See WireProtocol for the current protocol.
Overview
The basic algorithm is still the same, we first discover a set of nodes. Then we get all the changes from those nodes.
The Protocol
The discovery protocol is based on the [http://en.wikipedia.org/wiki/Dominator_(node) dominance property]
heads()
return a list of heads (everything new must be an ancestor of one of these heads, so start here)
Basically dominators() is like between() except it is more coarse-grained
dominators(list of couple)
- list = a list of couple (tip, dom) where dom dominates tip
- tip = the last revision in a branch that we're interested in (often a head).
- base = the first revision going backwards from a node that has two parents (the product of a merge).
- p1 = the first parent of the base.
- p2 = the second parent of the base.
let s be the sequence of dominators from tip (we only aggregate linear history, so it's a list of (t, b, p1, p2)) return elements 1, 2, 4, ... (maybe bounded ?)
between(list)
branch = Basically a linear set of changes. More formally, a list of changes such that no change in the set (except possibly the last) has two parents, and all changes in the list are related to eachother by parent->child relationships.
- list = a list of (tip, base) tuples for branches we'd like to know the history of. Presumably the client knows about the base of the branch, but not the tip, and wants to find out where in the branch its knowledge ends.
- tip = the latest revision in a branch the client is interested in (may not be the actual tip of the branch on the server side)
- base = the earliest revision in a branch the client is interested in. Always a revision the client knows about.
for tip, base in list: walk back a linear branch, return elements 1, 2, 4, 8.. (and this lets us do bisection search if we diverge in the middle of one of these long branches)
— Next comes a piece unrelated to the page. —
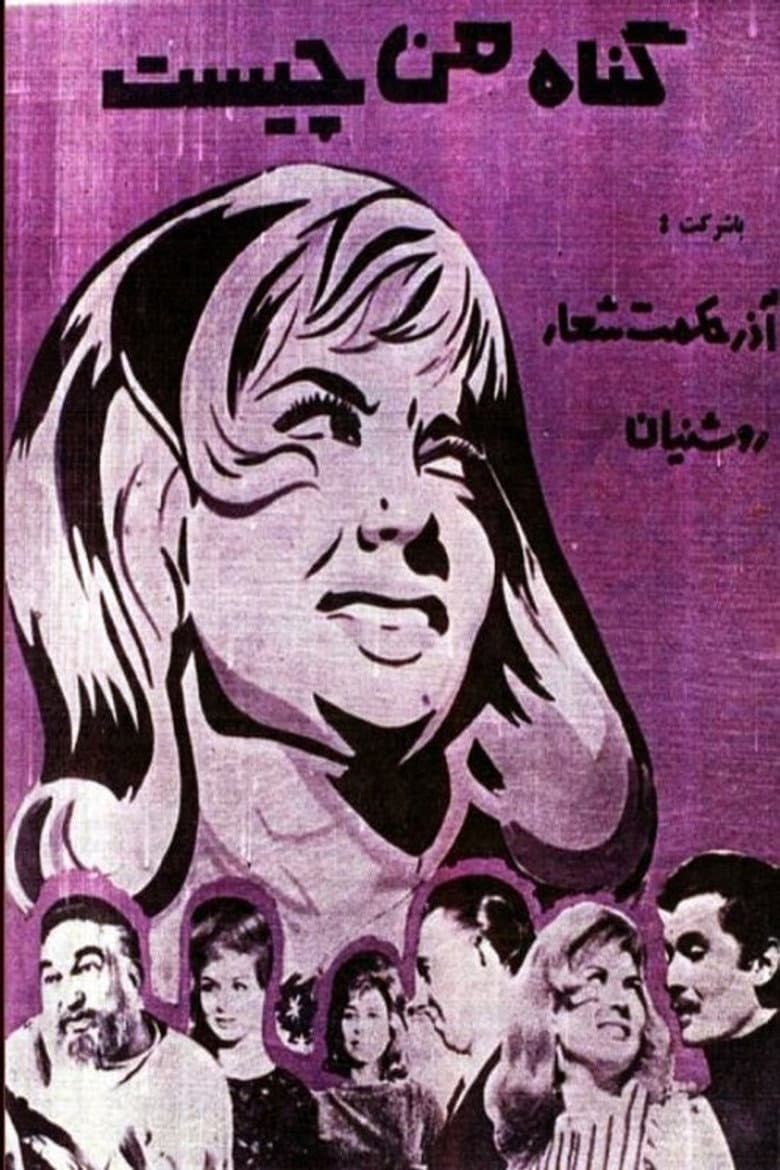 گناه من چیست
Now it would be better if the processus was symetrical, at the same time as we descend from remote tips, we could do the same locally. For that we would need the following call: has(list)
- list = a list of nodes
return a list of boolean indicating if the node was found on the server.
To minimize roundtrips, it would be nice to combine the has() call with dominators().
The current changegroup() uses base nodes, it should instead use common nodes. changegroup(roots)
- roots = a list of the latest nodes on every service side changeset branch that both the client and server know about.
find all changesets descended from roots and return them as a single changegroup
A changegroup is a single stream containing:
- a changelog group
- a manifest group
- a list of
- filename length
- filename
- file group (terminated by a zero length filename)
A group is a list of chunks:
- chunk length
- self hash, p1 hash, p2 hash, link hash
- uncompressed delta to p1
- (terminated by a zero length chunk)
Wishlist
- Estimate early how much data or items have to be transfered and communicate this to the other side, so a progress indicator could be more useful.